You have the 5.4L???? That is the only one rated for 7200 lbs. The rest are ~ 10,000/1000 from the info I could find. If you plan on using the 5.4 you are not going to be near as happy as if you ran the 3/4 Cummins package. Fuel mileage vs extra expense will win out eventually. No real need to go to a class V....they make a heavy class IV rated beyond what you need. The class V has a 2.5" reciever vs 2" and depending what brand you get a class V could go as high as 17,000 lbs. Running the filler to run a 2" will get you a few extra rattles. I am betting your 3/4 has what you need already or really close.

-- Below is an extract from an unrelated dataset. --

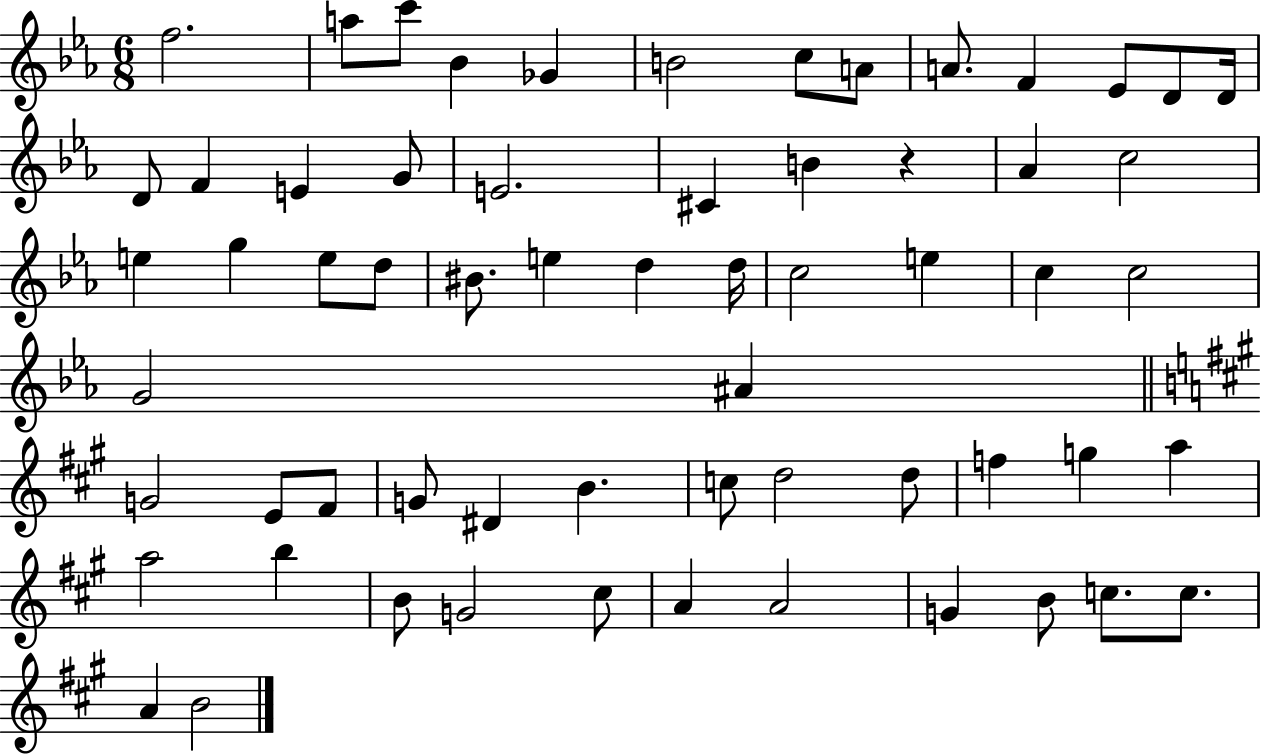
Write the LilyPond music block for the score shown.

I see you really trying to get a good setup.....don't forget to get a SOLID ball hitch not a tube hitch.

19. All good info. so far.
Here is a LINK for BOAT TRAILERS HITCH WEIGHT , http://www.shorelandr.com/pages/pf_trstep3.htm
There are different tongue weights for different types of trailers , remember, Google is our friend.

And for the above poster , I have pulled my rig from Calif. to Florida and have NEVER had a problem going UP and Down them little hills called the Sierras . Trailer has NEVER fish tailed .
I drag to the Texas Gulf coast 430 miles one way to fish .
I drag to Pensacola FL. , every year 850 miles one way.
AND
I was a Professional Tow truck driver in So Cal in my younger years.

It just gets my goat when someone lays out a BLANKET STATEMENT like above "Texas roads are flat so you need 10% to 15% tongue weight" Heck most of your trucks can't safely handle 1500lbs on the hitch and barely in a Goose neck application .

I aint trying to start a fight here , I'm just saying USE Google and search like, Boat tongue weight, Goose neck trailers, trailer ball ratings , and more.

Also if you think your roads are so dangerous I would go Electric over Hyd. so you can apply some trailer brake when descending to keep your trailer from wagging OR I would SLOW DOWN . FYI, I was just up in Alaska last July and the roads I was on up there are way better than we have down here in Texas .

Oh , The 2nd sentence the OP says "The truck is a Ford Excursion Diesel" keep up will ya. LOL Which if one does not know...That's a 3/4 ton chassis .

20. Ok first, the trailer needs to sit level in relation to the tow vehicle.

2) the trailer needs to sit level in relation to the tow vehicle !

3) the tow vehicle is diesel powered... the Power Stroke engine has enough OOPH to tow a friggen house regardless of "version".

4) if the trailer is fishtailing, the tongue weight is too light.

5) a 3/4 chassis on the Super Duty chassis is rated at the same towing capacity as the 1ton.

6) the 3/4 ton vs. the 1 ton designation only means that the payload (by virtue of the spring rate) on the 1ton is greater by 500lbs over the 3/4ton and an additional \$4-5k. oh and the badge that makes one think a 1ton is Sooo much more worth the extra \$\$\$.

7) WD hitches mitigate much of the "tail wagging the dog" and that makes for a much for comfortable ride , both physicaly and mentaly, the downside ( though very minor IMO) is that the WD bars must be removed before tight quarter manuvering and descending a launch ramp, A small inconvenience IMO.

Get the trailer attitude adjusted correctly then diddle with the weight distribution (if still needed) as suggested earlier. As for brakes, they should be fine if they are operating correctly, and by the way.... they have nothing to do with towing..... they are for stopping.